Hello!! It’s me Jordyn, back with another post! This one will be a little bit different than the others, To the Coast, The Art of Advertising, or In a Galaxy Far, Far Away…, its going to be about my math class! So for this unit we have been working on surface area and volume. Instead of kind of easing us into it, our teacher surprised us with a project. Even better, she left for a week while we were doing it which made it a little bit difficult. But she left us very prepared and ready to do this project on our own. So, the point of this project was to increase the surface area of the door to our classroom by five times. It may sound easy or it may not, whatever, but it definitely was not. It was very difficult. We split the door into 5 sections and split our class into five groups so we could all work on a section and just increase that section by 5. In my group was Paisley, Luciano, and Emerson. What made it even harder was that we chose one of the hardest shapes, a triangular prism. We did this because we wanted to challenge ourselves.The first thing we had to do was create a model net with all of the measurements we needed so that we could base all of our other shapes off of that one.
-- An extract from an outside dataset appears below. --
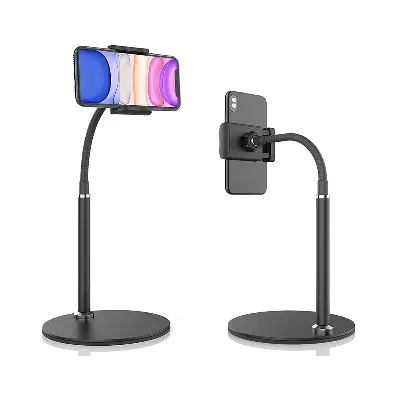 Picture of Mobile Phone Stand Adjustable, 360° Flexible Gooseneck Mobile Phone Stand Universal Table Stand Black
This is our net showing all of our measurements for each side

 

To lighten the load, we split the work in half. Paisley and I did a lot of the calculations and Emerson and Luciano did most of the drawing and cutting. Once we did all of our calculations and made our shapes and stuck them to the door, we realized we had done something really wrong. We were off by about half of the surface area we needed! We were almost out of time and we still had almost 14 more shapes to make. In our heads we were all like “This is the end!” But… then….💡*ding*. A light bulb went off in our heads. We thought back to the beginning of the project when our teacher told us that a surface is anything you can paint.

 

So we had the brilliant idea to just simply open the top of our triangular prism because the we had the inside faces of the shape as well. Which, technically, doubled our surface area. So we got to work using these awesome sharp thingies, cutting open our shapes. After we had done this, put the shapes on the door and calculated the surface area, we realized we were only off by a tiny bit. So we made a tiny cube to finish off the left over surface area. Our section is the bottom right corner, you can see it in the picture below 👇👇

The finished product!!

The last thing we had to do to end the project was a technical report. We had to write a paper of all of our calculations and nets and all of that other mathematical jazz.

 

At first this project seemed pointless, why would you want to increase the surface area of any door by 5 times? There is just no point. But through out the project, I slowly realized it went deeper than that. We were learning how to use complex formulas, how to create a net, and how to think, there was a lot of thinking involved. And when I say a lot, I mean A LOT!! So by the end, I knew more than I knew before which is important. And the door also looked pretty cool….. until one day, the whole entire paper, all of the shapes and everything, just flopped right of the door. It was pretty depressing. Anyway, that’s not the point. I learned more about surface area than I ever had during this project and I also learned how to think outside of the box a little bit, I never would have thought to cut open the shapes if it wasn’t for this project. Who knew you could learn so much by covering a door completely in paper shapes. Definitely not me!